> _Work to complete_
The material below holds a span beginning at the line with "Битый автомобиль Volkswagen Golf Plus" and ending at the line with "4th image of 1429 De La Vina St APT 2". Quote that span exactly, both ends included, and only that span.

> _Entries supplied_
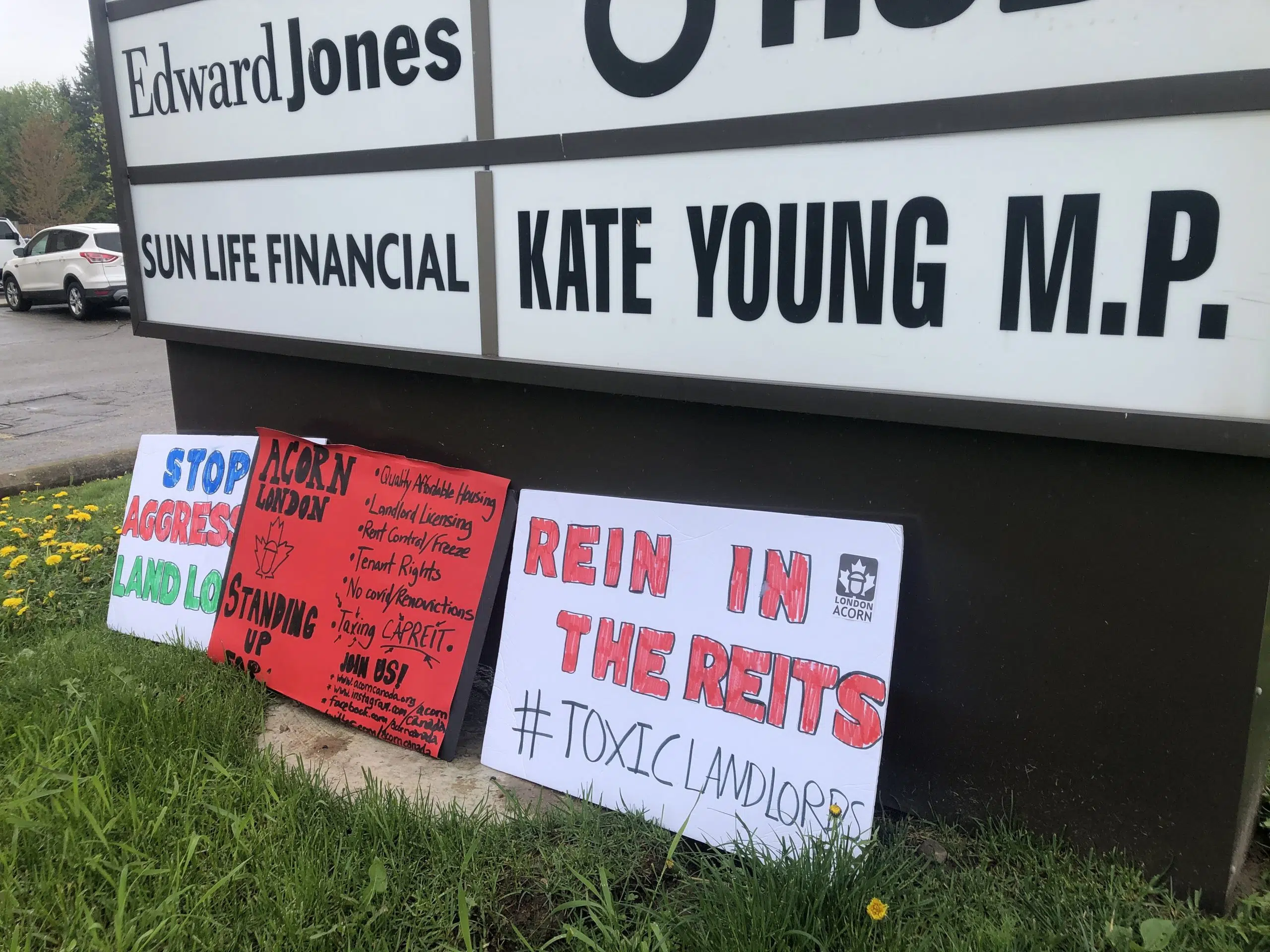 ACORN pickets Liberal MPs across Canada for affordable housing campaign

* * *

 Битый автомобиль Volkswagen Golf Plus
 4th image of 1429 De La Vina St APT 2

> _Your response_
 Битый автомобиль Volkswagen Golf Plus
 4th image of 1429 De La Vina St APT 2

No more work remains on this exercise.